Ao fim de dois dias, esquecera-me a campanha eleitoral em que Portugal, mais uma vez, mergulhou. Recordei-a, com esforço, para participar num Contra-Corrente, da nossa rádio Observador. Tínhamos passado o pequeno-almoço a conversar, entre franceses, suíços e australianos, os problemas de cada uma das respectivas democracias. Entre problemas e desapontamentos idênticos, e sem que ninguém se assumisse de esquerda ou de direita, conservador ou progressista, globalista ou soberanista, lá fomos deixando soltar opiniões, quase sempre com medo injustificado de ferir susceptibilidades alheias. O resultado foi uma melancólica proclamação de afirmações de senso comum, de como ele parece fora de moda em quem nos deveria representar a todos, e um generalizado encolher de ombros de quem tem vontade de proclamar «é o que há, não é bom, mas que se há-de fazer?». Estando todos de acordo, acabámos a rir, quando um dos australianos, advogado como eu, contou o que disse a um dos filhos quando este lhe perguntou o que achava de seguir uma carreira jurídica: Son, do I look like a happy man? O rapaz reflectiu: He’s now a doctor. Subscrevi cinicamente a tese, abaixo o Direito, abaixo a Política, que ninguém é perfeito, engolimos mais um pedaço de pain au chocolat e fomos às nossas respectivas vidas, comigo já embrenhado, com esforço, em pensamentos sobre a nossa campanha eleitoral.

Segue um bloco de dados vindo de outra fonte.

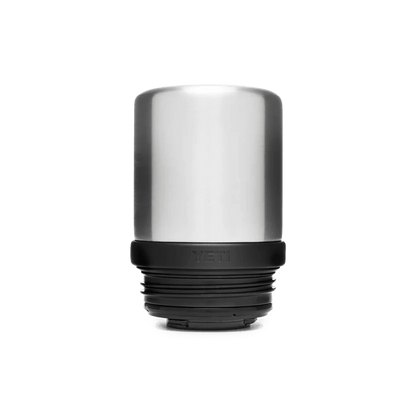 Yeti Rambler 5 oz Bottle Cup Cap - Insulated Lid & Drinking Cup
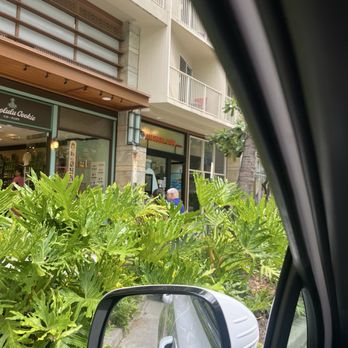 Musubi Cafe Iyasume Beachwalk - Japanese Near Me - Honolulu, Hawaii Musubi Cafe Iyasume Beachwalk - Japanese Near Me - Honolulu, Hawaii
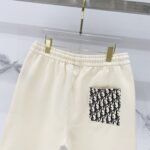 CD Shorts - Image 6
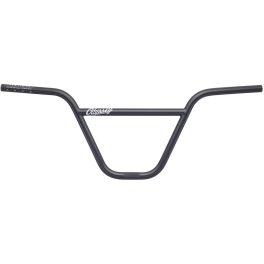 Odyssey 10-4 10" Bar - Black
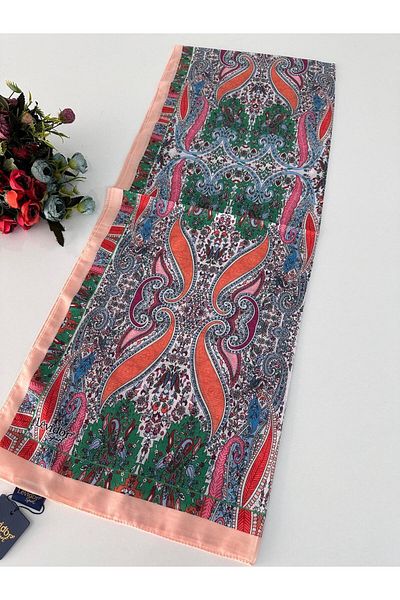 Levidor Καλοκαιρινό σάλι Levi'dor Sport New Season - LSY0214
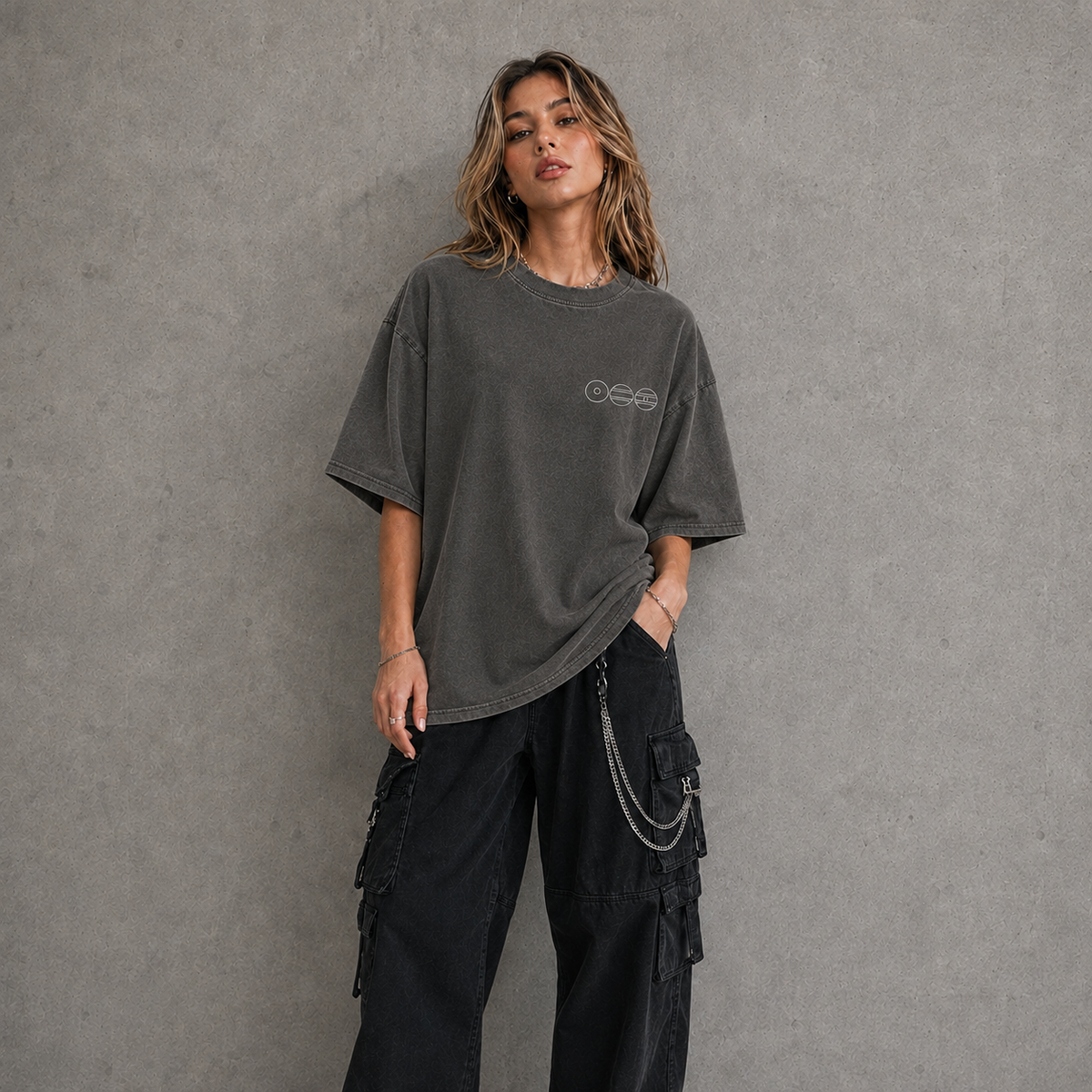 Oversized Bts Arirang 2026 World Tour Kpop Bts Concert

Mas qual campanha, santo Deus? Estamos em campanha, é um facto. Mas o país parece estar noutro momento político qualquer. Talvez o do vazio, resignado por ter de, novamente, votar onde sempre votou, mesmo que os rostos mudem e as cores partidárias se alterem. Quando não se muda de canal, assiste-se aos debates. Entre impostos baixos, reformas altas e proclamações várias, sobra um quadro político que parece viciado em «coisas boas», que todos merecemos, sem excepção. Nenhum dos candidatos parece acreditar no que diz — e nós acreditamos cada vez menos em quem diz seja o que for. Os debates são teatro de bonecos de corda, puxados por sondagens e alimentados a soundbites. E muitas «coisas boas», que as más não dão votos, dizem os especialistas. O que é que se propõe, afinal? Pouco. Como se propõe? Mal. A quem se propõe? A quem não muda de canal, de voto decidido não raras vezes há décadas. Os debates são um jogo de sombras num fundo de ecrã azul. Fala-se em impostos, em saúde, em educação, em habitação, como se estivessem a escolher pratos para um menu que ninguém vai cozinhar. Assisti, com dedicação, bravura e pouca glória a vários deles, indiferente, como quem revê um episódio de uma série que já cancelaram lá fora.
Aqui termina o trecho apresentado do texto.